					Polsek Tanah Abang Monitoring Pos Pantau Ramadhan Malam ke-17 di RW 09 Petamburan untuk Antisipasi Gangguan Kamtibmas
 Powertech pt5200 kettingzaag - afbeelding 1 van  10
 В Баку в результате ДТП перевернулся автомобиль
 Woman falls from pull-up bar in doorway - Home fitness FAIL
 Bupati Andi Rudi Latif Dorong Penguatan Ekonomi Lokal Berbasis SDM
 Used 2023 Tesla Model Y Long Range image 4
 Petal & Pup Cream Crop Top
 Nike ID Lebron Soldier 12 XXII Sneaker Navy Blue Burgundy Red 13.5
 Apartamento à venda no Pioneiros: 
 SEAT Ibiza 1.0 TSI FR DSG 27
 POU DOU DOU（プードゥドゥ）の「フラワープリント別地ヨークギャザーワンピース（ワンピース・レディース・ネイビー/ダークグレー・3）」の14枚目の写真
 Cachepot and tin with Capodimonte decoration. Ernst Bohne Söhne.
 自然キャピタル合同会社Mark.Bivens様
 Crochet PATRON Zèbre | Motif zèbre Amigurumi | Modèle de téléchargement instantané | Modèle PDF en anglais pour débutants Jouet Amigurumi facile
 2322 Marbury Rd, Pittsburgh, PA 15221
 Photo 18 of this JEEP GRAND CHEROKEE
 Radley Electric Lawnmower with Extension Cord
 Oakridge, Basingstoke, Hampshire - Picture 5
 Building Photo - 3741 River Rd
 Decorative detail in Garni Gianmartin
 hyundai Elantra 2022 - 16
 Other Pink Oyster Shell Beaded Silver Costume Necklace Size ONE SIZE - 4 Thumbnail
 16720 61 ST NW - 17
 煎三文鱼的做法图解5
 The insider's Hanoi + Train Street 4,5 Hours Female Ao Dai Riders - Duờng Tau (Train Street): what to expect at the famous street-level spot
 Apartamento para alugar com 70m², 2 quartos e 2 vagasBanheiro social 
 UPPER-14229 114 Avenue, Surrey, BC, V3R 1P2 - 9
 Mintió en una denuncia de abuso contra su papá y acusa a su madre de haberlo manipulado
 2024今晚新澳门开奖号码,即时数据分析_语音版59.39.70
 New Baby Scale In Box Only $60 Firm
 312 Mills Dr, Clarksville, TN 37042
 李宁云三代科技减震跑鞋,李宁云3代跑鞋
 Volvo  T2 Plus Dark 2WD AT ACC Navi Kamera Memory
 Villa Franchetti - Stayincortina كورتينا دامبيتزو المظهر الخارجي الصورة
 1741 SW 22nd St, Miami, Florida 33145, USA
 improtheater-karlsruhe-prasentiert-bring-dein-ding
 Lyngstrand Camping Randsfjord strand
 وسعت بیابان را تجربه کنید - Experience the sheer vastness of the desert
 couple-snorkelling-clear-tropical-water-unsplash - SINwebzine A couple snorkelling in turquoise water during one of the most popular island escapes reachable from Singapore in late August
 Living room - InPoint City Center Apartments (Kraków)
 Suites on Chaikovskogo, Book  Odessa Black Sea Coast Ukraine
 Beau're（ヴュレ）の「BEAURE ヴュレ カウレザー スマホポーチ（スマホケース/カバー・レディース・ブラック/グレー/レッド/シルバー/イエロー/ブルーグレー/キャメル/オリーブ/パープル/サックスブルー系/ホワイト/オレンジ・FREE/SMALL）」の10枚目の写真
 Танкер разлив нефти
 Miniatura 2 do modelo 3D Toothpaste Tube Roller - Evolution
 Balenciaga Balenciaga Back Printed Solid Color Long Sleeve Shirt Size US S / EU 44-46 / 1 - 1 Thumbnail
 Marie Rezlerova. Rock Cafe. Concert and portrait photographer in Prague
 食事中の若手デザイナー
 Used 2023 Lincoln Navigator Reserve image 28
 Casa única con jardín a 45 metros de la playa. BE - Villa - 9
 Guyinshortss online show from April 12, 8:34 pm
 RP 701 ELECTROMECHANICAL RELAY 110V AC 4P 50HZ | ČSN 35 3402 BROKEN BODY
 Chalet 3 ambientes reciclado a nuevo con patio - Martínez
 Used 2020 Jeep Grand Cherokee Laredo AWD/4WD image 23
-*-*-
* _TASK DETAILS_: Starting at the line that has "Woman falls from" in the records above, restate word for word every line until the one that has "SEAT Ibiza 1.0 TSI FR DSG 27", and include that one as well.

* _ANSWER FOR THE TASK_:
 Woman falls from pull-up bar in doorway - Home fitness FAIL
 Bupati Andi Rudi Latif Dorong Penguatan Ekonomi Lokal Berbasis SDM
 Used 2023 Tesla Model Y Long Range image 4
 Petal & Pup Cream Crop Top
 Nike ID Lebron Soldier 12 XXII Sneaker Navy Blue Burgundy Red 13.5
 Apartamento à venda no Pioneiros: 
 SEAT Ibiza 1.0 TSI FR DSG 27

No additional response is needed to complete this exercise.